##### PROVIDED DATA #####

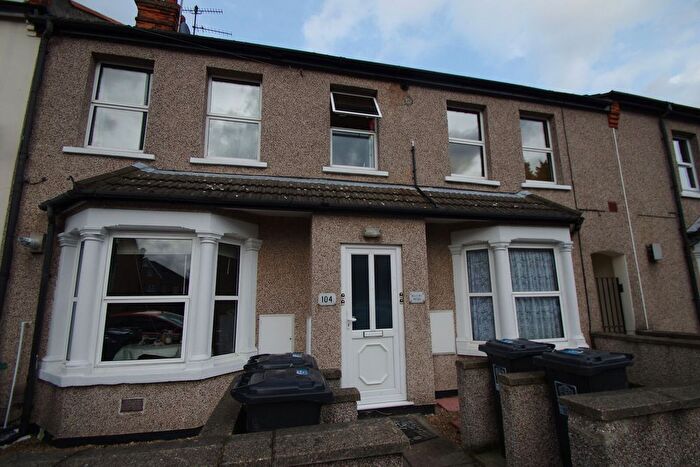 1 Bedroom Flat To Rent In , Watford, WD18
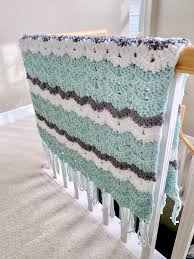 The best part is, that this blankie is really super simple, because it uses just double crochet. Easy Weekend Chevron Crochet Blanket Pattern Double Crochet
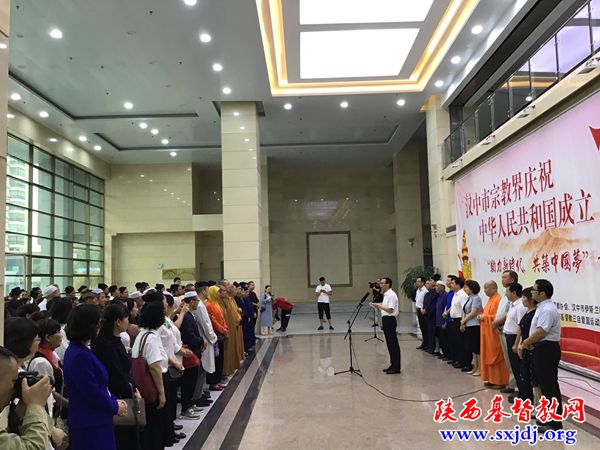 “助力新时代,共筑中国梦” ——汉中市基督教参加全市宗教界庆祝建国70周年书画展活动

#####
##### PROVIDED DATA #####

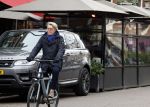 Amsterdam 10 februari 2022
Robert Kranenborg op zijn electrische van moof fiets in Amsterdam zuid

#####

## TASK PROMPT
Write out exactly the lines above between the one with "Amsterdam 10 februari 2022" and the one with "Robert Kranenborg op", inclusive, with pictures left out.

## OUTPUT OF THE EXERCISE
 Amsterdam 10 februari 2022
Robert Kranenborg op zijn electrische van moof fiets in Amsterdam zuid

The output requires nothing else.